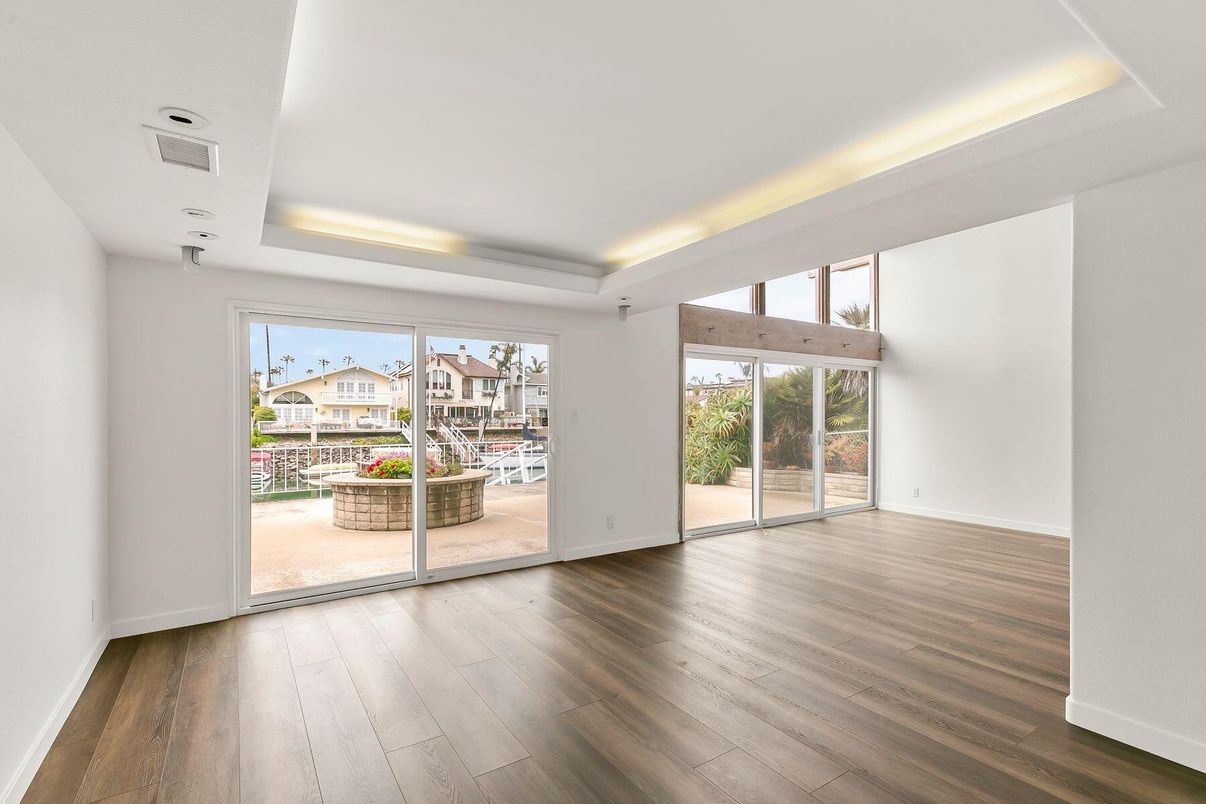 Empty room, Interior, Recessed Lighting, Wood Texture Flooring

★ ★ ★ ★ ★

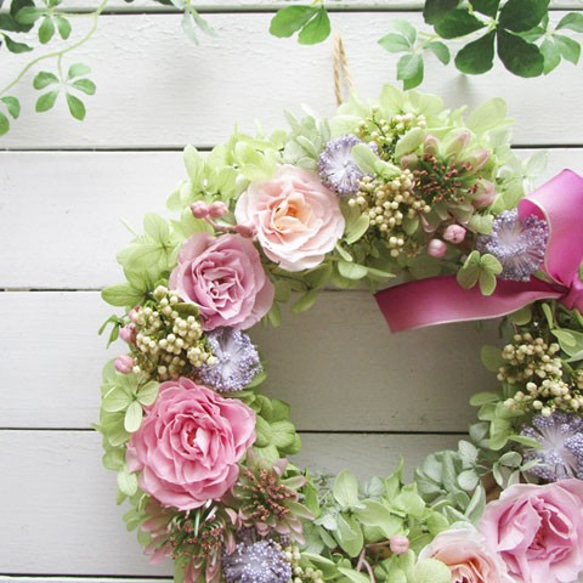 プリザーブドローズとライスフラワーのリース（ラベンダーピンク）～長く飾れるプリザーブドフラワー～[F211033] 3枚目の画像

★ ★ ★ ★ ★

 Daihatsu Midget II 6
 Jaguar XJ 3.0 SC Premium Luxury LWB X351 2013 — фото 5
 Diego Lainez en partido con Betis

★ ★ ★ ★ ★

**Action item:**
Return, unchanged, the run of lines above that opens with the line containing "Jaguar XJ 3.0" and closes with the line containing "Diego Lainez en partido con Betis". Include both.

**Completed exercise:**
 Jaguar XJ 3.0 SC Premium Luxury LWB X351 2013 — фото 5
 Diego Lainez en partido con Betis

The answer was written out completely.